Le 12 mars 2009, par Geneviève Koubi,
Document en rapport avec le séminaire (Master 2) sur « liberté d’expression et droit à l’information » : Le « secret ».
Outre les divers documents proposés sur ce thème, parmi les informations récentes qui pourraient être apportées lors de la discussion, comme une limite à un "droit à l’information" et, dans le cadre des liberté(s) d’expression(s) comme une obligation de secret professionnel ’absolu’, il serait utile de signaler le décret n° 2009-254 du 4 mars 2009 relatif à certaines dispositions réglementaires de la deuxième partie du code de la défense (Décrets en Conseil d’Etat et décrets simples) - (publié au JO du 6 mars 2009).

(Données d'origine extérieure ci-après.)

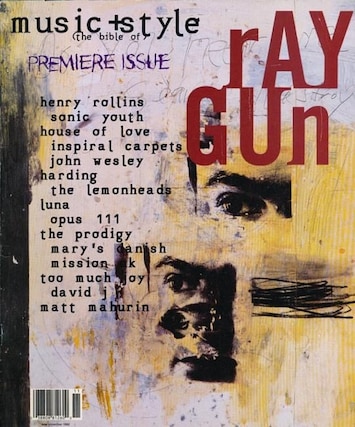 アート・デザイン・音楽 RAYGUN Magazine #01 April 1996 BLAH RAYGUN Magazine #01 April 1996 BLAH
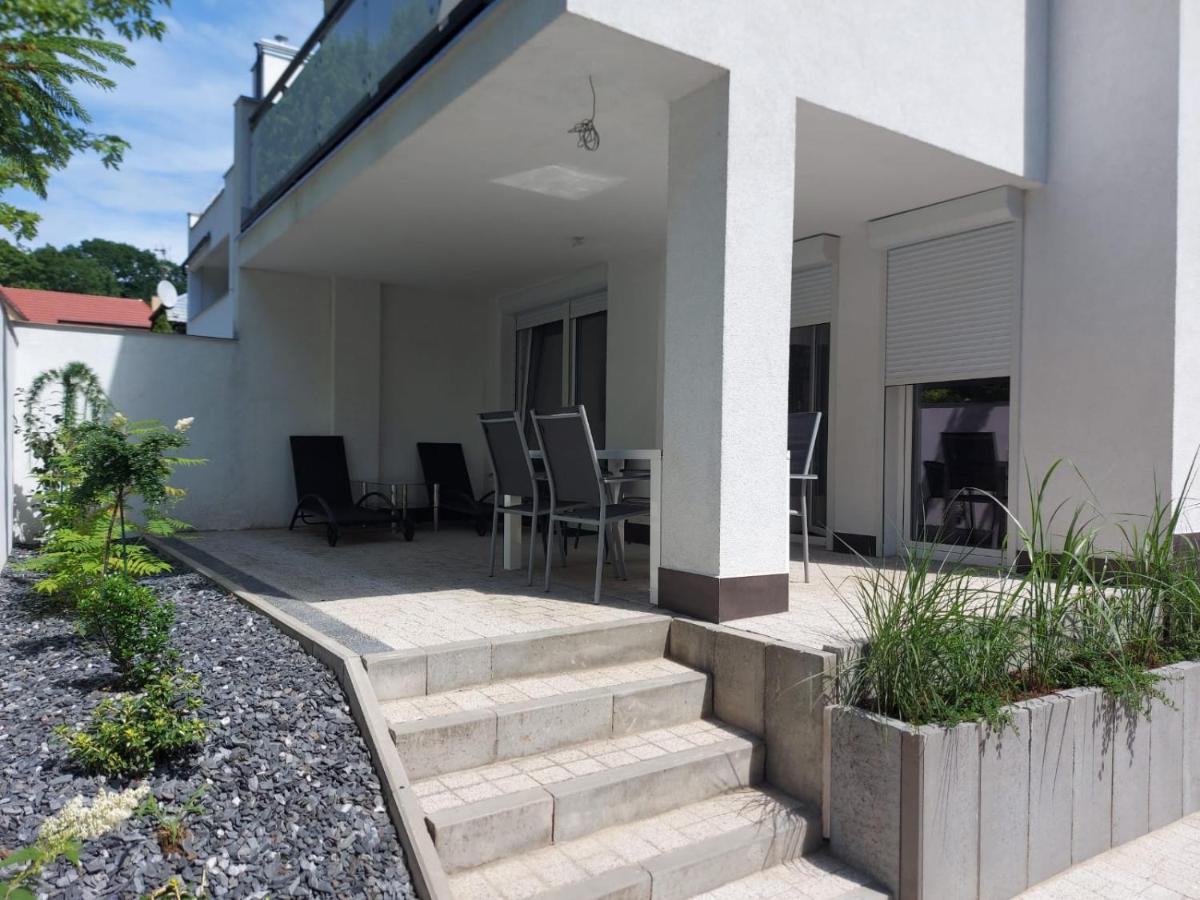 Апартаменты Apartament Z Duzym Tarasem Свиноуйсьце Экстерьер фото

Ce décret comporte, comme la plupart des décrets de ce type, une annexe qui regroupe les articles concernés de la partie réglementaire du code. Cependant, avant de livrer le contenu de cette partie, ou de certains livres ou sections de cette partie, une liste des décrets abrogés peut, doit, être donnée. En ce qui concerne le présent décret, cette liste relève de l’article 3. Elle permet de relever non l’historique du code mais les racines des dispositions relatives au secteur militaire, aux armées, à la Défense ; on y trouve ainsi par exemple, désormais abrogés, le décret du 2 août 1877 pour l’exécution de la loi du 3 juillet 1877 relative aux réquisitions militaires ; le décret du 28 novembre 1938 portant règlement d’administration publique pour l’application de la loi du 11 juillet 1938 sur l’organisation de la nation pour le temps de guerre ; le décret du 6 décembre 1938 sur les réquisitions militaires ; le décret du 5 janvier 1939 portant règlement d’administration publique sur les recensements prévus par l’article 30 de la loi du 11 juillet 1938 ; le décret du 2 septembre 1939 relatif à l’emploi des ressources dans les territoires d’outre-mer dépendant de l’autorité du ministre des colonies ; etc. Cette liste ne doit pas induire en erreur ; si les décrets en cause sont abrogés, les dispositions qui restaient encore en vigueur ne sont que « transférées » dans le code, nonobstant des modifications linguistiques – qui peuvent, certes, rétroagir sur leur sens. Ainsi qu’il est précisé à l’article 2 du décret n° 2009-254 du 4 mars 2009, « les références à des dispositions abrogées par l’article 3 sont remplacées par les références aux dispositions correspondantes du code de la défense ».
De ce décret qui concerne les dispositions réglementaires du livre Ier, du livre II et des titres Ier et II du livre III et du livre IV du Code de la défense [1], il s’agit de retenir, parmi les dispositions relatives aux « régimes juridiques de défense d’application permanente » du Livre III, quelques-uns du Titre Ier dont l’intitulé est : « le secret de la défense nationale ». Par delà les méandres d’un séminaire, ce choix est justifié par l’actuelle préoccupation des syndicats de magistrats qui, à la fin du mois de février, ont relevé la création, dans le projet de loi de programmation militaire 2009-2014, de “citadelles d’impunités” du fait de l’extension du “secret-défense”. Alors que le champ de ce secret est pensé aujourd’hui pour les “documents”, si le projet de loi n° 1216 relatif à la programmation militaire pour les années 2009 à 2014 (articles 12 à 14) était adopté, il étendrait considérablement, voire "sans limites précises", les zones d’influences protectrice du secret défense. Etendu aux “lieux”, espaces et locaux, il empêcherait alors les juges de réaliser leurs missions, de perquisition notamment, lors de certaines investigations qui se jouent en ‘effet de surprise’… — ce qui a suscité un tollé.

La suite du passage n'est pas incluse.